● **EXERCISE REQUIREMENTS**:
Leave the pictures out and reproduce, exactly, the lines from the one with "a wooden bed" through the end of the entries below.
───
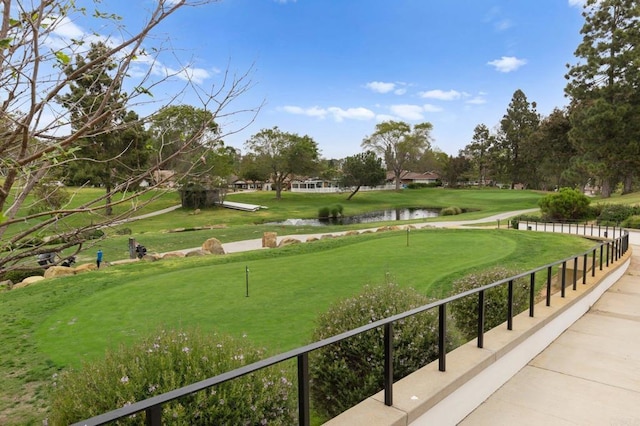 view of home's community featuring golf course view, a yard, and a water view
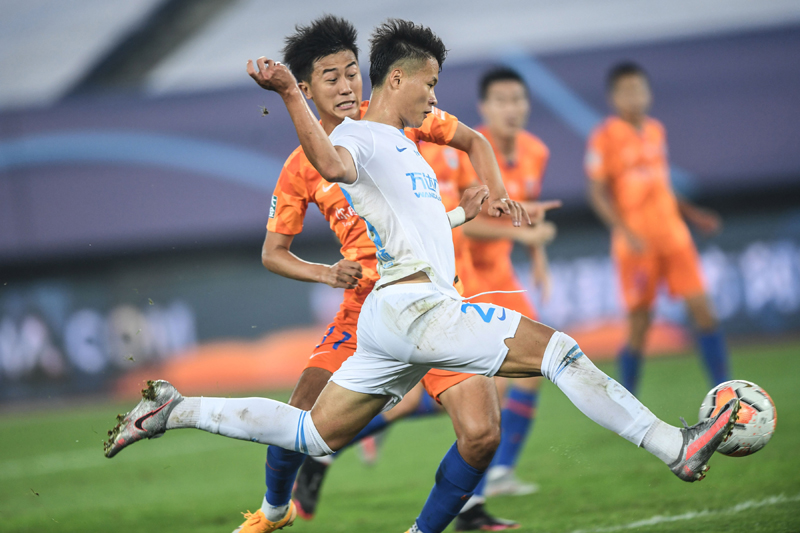 Beijing: Lin Liangming of Dalian FC shoots and scores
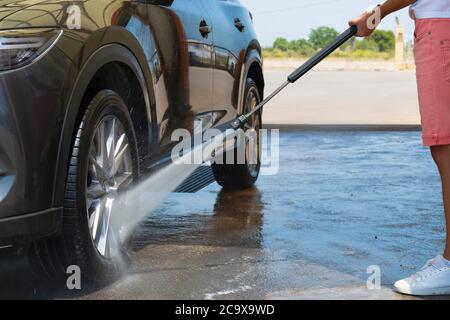 Close up of a man holding a high pressure water spray wand washing the front wheel of a car on an out of focus background. Car washing and cleaning co Stock Photo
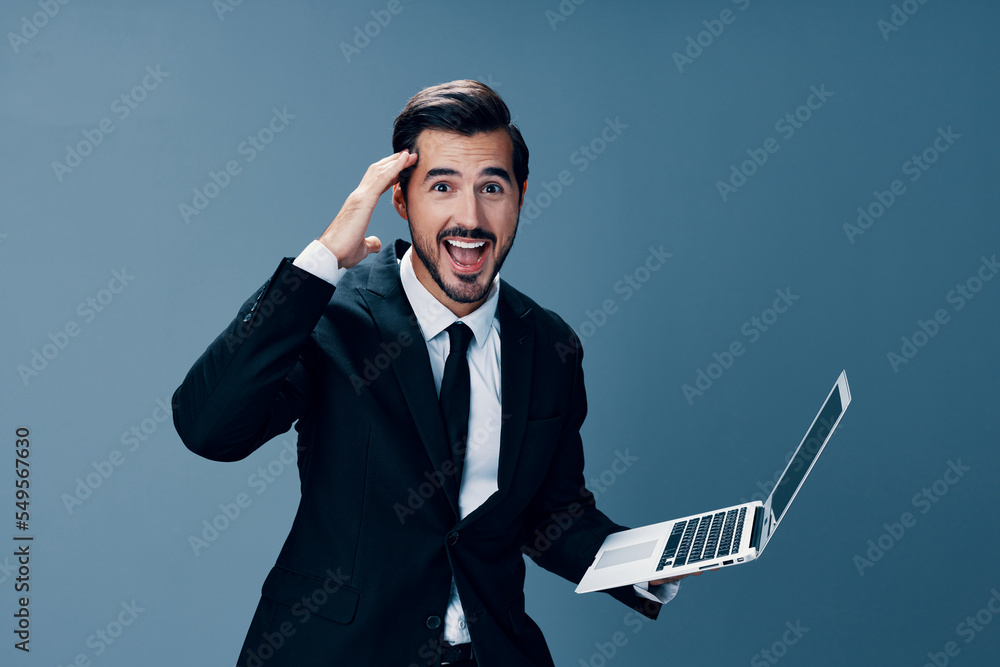 Man business looking at laptop and working online smiling with teeth surprised hand up via internet in business suit video call business talks win on blue background copy place Man business looking at laptop and working online smiling with teeth surprised hand up via internet in business suit video call business talks win on blue background copy place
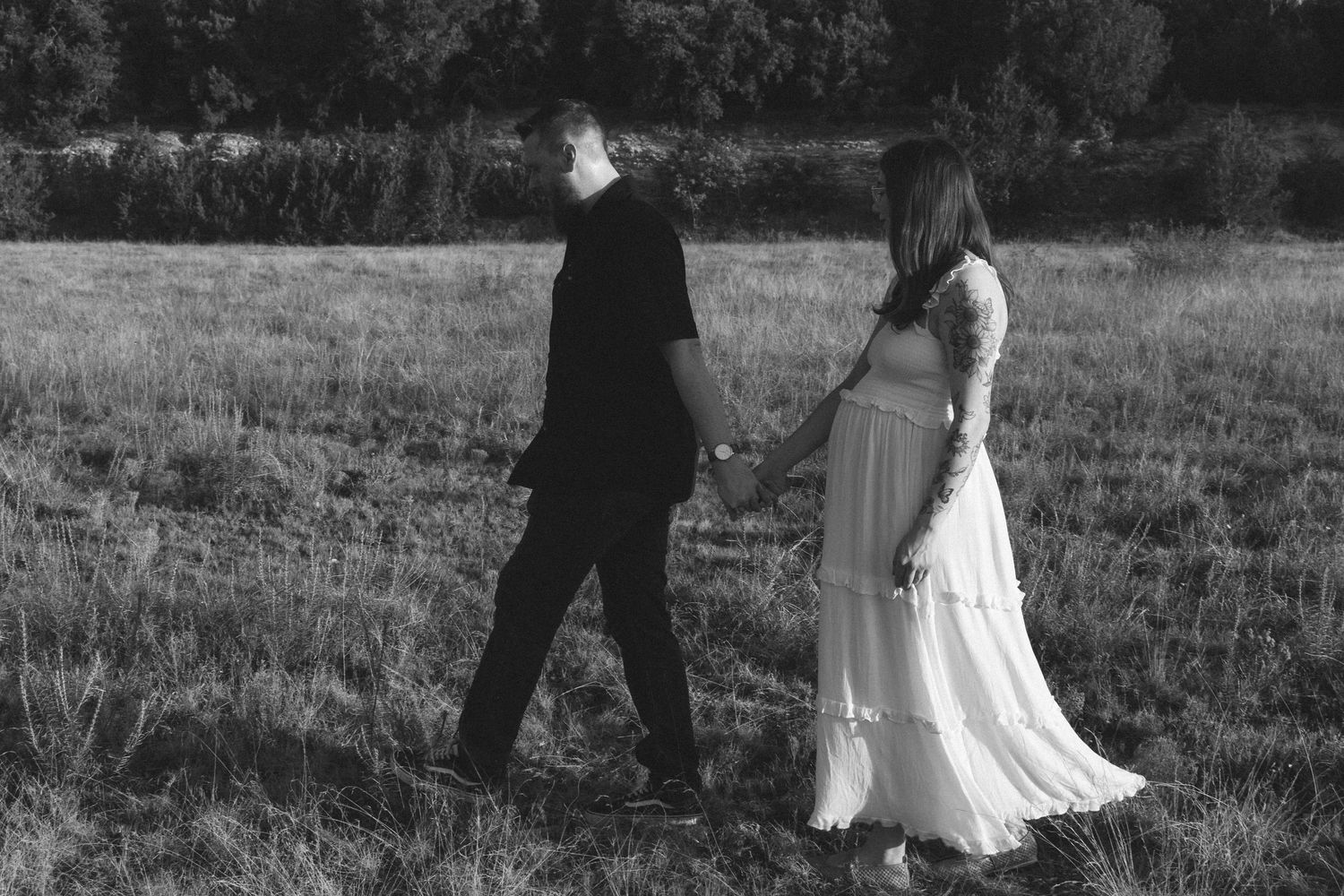 Black and white photo of a couple holding hands walking through a grassy field, woman in flowing white dress.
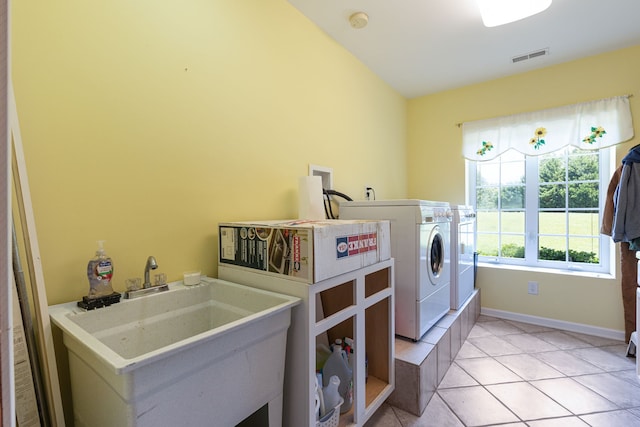 laundry room featuring washer and clothes dryer, light tile patterned floors, and sink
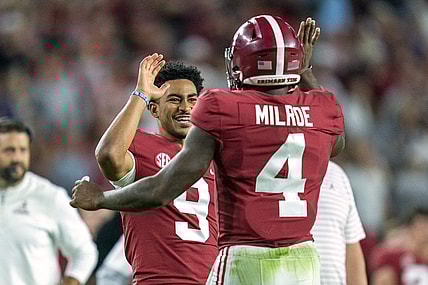 Oct 8, 2022; Tuscaloosa, Alabama, USA; Alabama Crimson Tide quarterback Jalen Milroe (4) celebrates with quarterback Bryce Young (9) after scoring a touchdown against the Texas A&M Aggies during the first half at Bryant-Denny Stadium. Mandatory Credit: Marvin Gentry-USA TODAY Sports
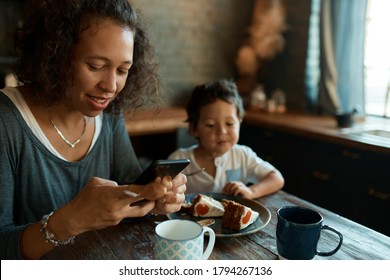 Busy Young Single Mother Using Cell Phone For Distant Work, Writing Posts On Social Network Accounts, Earning Money From Home On Self Isolation, Little Son Sitting At Table, Eating Cake In Background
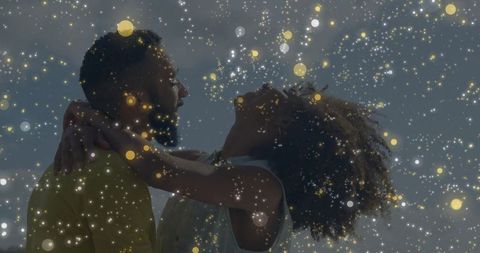 Joyful couple embracing under magical light particles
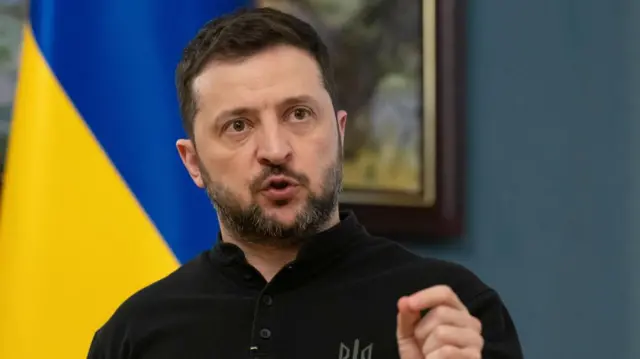 Zelensky gestures with pinched fingers as he speaks in a blue-walled room, a Ukrainian flag on his left and a painting of a landscape behind him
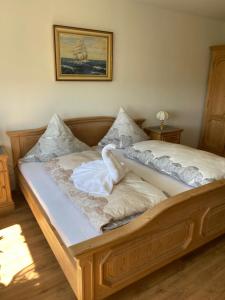 a wooden bed in a bedroom with a picture on the wall at Luxus FeWo - Spannagl in Pocking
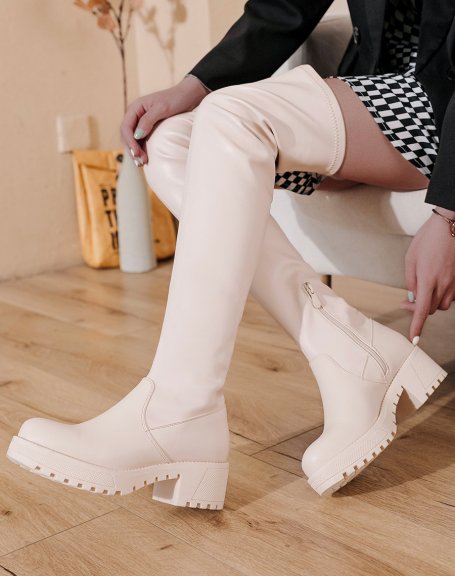 Beige flat thigh-high boots with notched platform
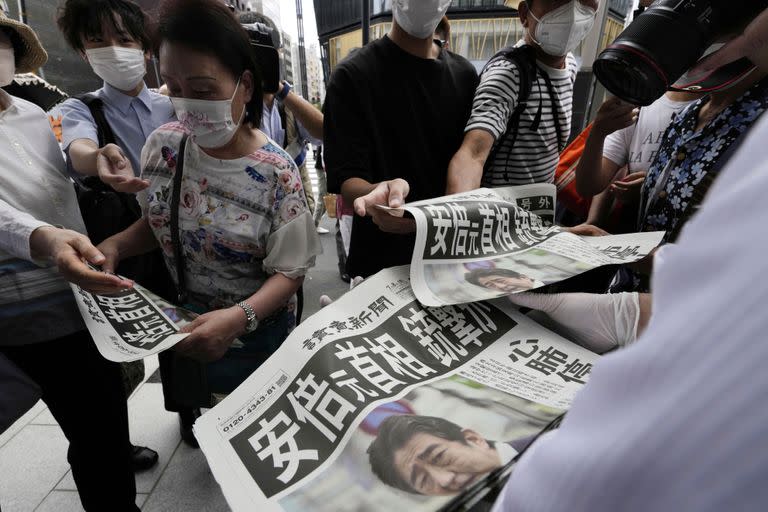 Las personas leen el periódico Yomiuri Shimbun que informa sobre el asesinato del exprimer ministro japonés Shinzo Abe, el viernes 8 de julio de 2022, en Tokio.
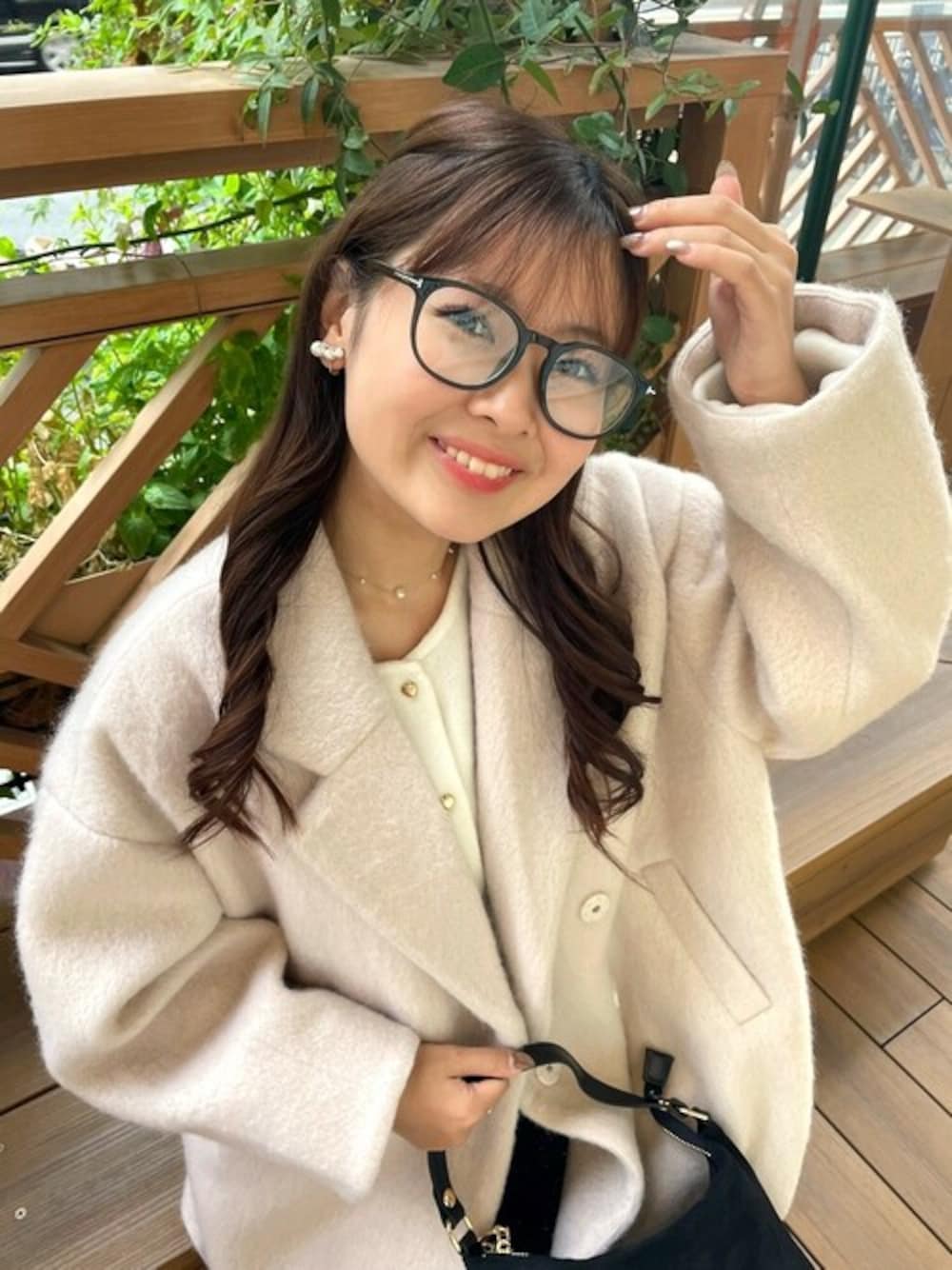 ブラック系のショルダーバッグ、ベージュ系のチェスターコート、ホワイト系のカーディガン/ボレロを着用したレディースの秋コーディネートの1枚目の写真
───
● **YOUR SOLUTION**:
 a wooden bed in a bedroom with a picture on the wall at Luxus FeWo - Spannagl in Pocking
 Beige flat thigh-high boots with notched platform
 Las personas leen el periódico Yomiuri Shimbun que informa sobre el asesinato del exprimer ministro japonés Shinzo Abe, el viernes 8 de julio de 2022, en Tokio.
 ブラック系のショルダーバッグ、ベージュ系のチェスターコート、ホワイト系のカーディガン/ボレロを着用したレディースの秋コーディネートの1枚目の写真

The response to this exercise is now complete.